Based in Shanghai, Teke grew to become "a small army of messengers, people smugglers, and informers" with a constant presence in clubs, religious organizations, music groups, and brothels serving as Zhou Enlai's (and subsequently the CCP's) eyes and ears both in Shanghai and across the nation. Nonetheless, Teke had to compete with the newly established KMT Bureau of Investigation and Statistics (BIS) under the notorious Dai Li whose nickname as the "Chinese Himmler" lives on for his horrific torture record which included death in excruciating agony and forced heroin overdosing. Under Dai Li, the BIS created vast networks of 100,000 operatives across and outside the borders of China and mastered new means of intercepting communist communications — an art taught to the KMT by American cryptographer Herbert Yardley for use against the Japanese. The overwhelming advantages of the KMT were challenged only by the extensive and thorough infiltration of the security services by Teke agents including Qian Zhuangfei, Li Kenong, and Hu Di.
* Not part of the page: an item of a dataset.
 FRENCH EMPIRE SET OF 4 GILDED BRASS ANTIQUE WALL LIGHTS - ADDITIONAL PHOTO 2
Gu Shunzhang, whom Zhou Enlai had chosen to head operations for Teke, would prove to be one of the most adversely consequential members of the CCP's underground intelligence ring. Having been born in Shanghai on "the wrong side of the tracks" according to French author Roger Faligot, Gu lived crudely out of bars smoking opium, having affairs, and joining the Green Gang but made a name for himself as a magician. Made a bodyguard for Mikhail Borodin, the Comintern agent and advisor to the Kuomintang from Soviet Russia, Gu was sent to Vladivostok to learn the tactics of insurrection and tradecraft of espionage as Borodin feared division between the Chinese nationalists and communists. A trained spy, Gu led Teke operations from the group's 1927 founding until 25 April 1931.
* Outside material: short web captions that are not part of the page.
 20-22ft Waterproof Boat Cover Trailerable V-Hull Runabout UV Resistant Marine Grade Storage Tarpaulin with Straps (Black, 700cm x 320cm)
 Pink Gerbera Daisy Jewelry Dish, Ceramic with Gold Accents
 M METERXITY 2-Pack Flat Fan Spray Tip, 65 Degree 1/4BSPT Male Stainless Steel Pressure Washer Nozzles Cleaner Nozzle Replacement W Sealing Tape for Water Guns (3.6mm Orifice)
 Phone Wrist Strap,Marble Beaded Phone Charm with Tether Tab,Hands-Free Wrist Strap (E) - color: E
While performing the typical magic show for young children that usually covered for his espionage missions, a nationalist informer who had turned on the CCP recognized Gu from a photograph and alerted the KMT authorities. A number of KMT agents appeared and tackled Gu, not only gleeful to have detained one of their most challenging communist adversaries but were successful in turning the spymaster against the communists making Gu the most notorious intelligence traitor in modern Chinese history. As Gu provided the KMT with a flood of Teke agents' names and safe house locations, Zhou's spy inside the BIS, Qian Zhuangfei, immediately notified Zhou and Kang Shang who were able to relocate every Teke agent within two days — avoiding a potential extermination of CCP's core. Some agents, however, were located and arrested. On 21 June 1931, presumably with help from Gu's defection, the KMT captured CCP General Secretary Xiang Zhongfa hiding in a jewelry store with his cabaret dancer mistress. Despite offering to convert to the KMT party, Xiang was shot by his jailers before the received word of Chiang Kai-shek's pardon. Though the CCP's nascent intelligence branch under Kang Shang had narrowly escaped destruction, the damage done by Gu's defection and the number of communist spy arrests attrited the group until, in 1935, the CCP elected to disband it. While many of Teke's agents moved to the Red Army's Political Protection Bureau (PPB) led by Dong Fa, the PPB focused entirely on counterintelligence meaning real intelligence collection would go largely dormant until the formation of the Social Affairs Department.